Is total out-of-hospital time a significant predictor of trauma patient mortality?

Acad Emerg Med. 2003 Sep;10(9):949-54. doi: 10.1111/j.1553-2712.2003.tb00650.x.


Objective: To determine if there is an association between total out-of-hospital time and trauma patient mortality.

Methods: A retrospective review was performed of a convenience sample of consecutive medical records for all admitted patients transported by helicopter or ambulance from the scene of injury to the regional trauma center. Descriptive and univariate analyses were conducted to determine which variables were associated with patient mortality and total out-of-hospital time. Multiple predictors logistic regression was used to determine if total out-of-hospital time was associated with trauma patient outcome, while controlling for the variables associated with trauma patient mortality.

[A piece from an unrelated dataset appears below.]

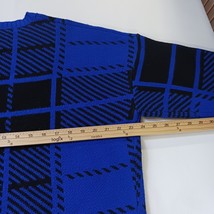 ASOS Design Men's Blue & Black Long Sleeve Flannel Pullover Sweater Size Medium image 6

Results: Of the 2,925 patients who were transported from the scene, 1,877 met the inclusion criteria. Six percent (116) did not survive. The multiple predictors model included CUPS (critical, unstable, potentially unstable, stable) status, patient age, Injury Severity Score, Revised Trauma Score, and total out-of-hospital time as predictors of mortality. Total out-of-hospital time (odds ratio 0.987; p = 0.092) was the only variable not found to be a significant predictor of mortality.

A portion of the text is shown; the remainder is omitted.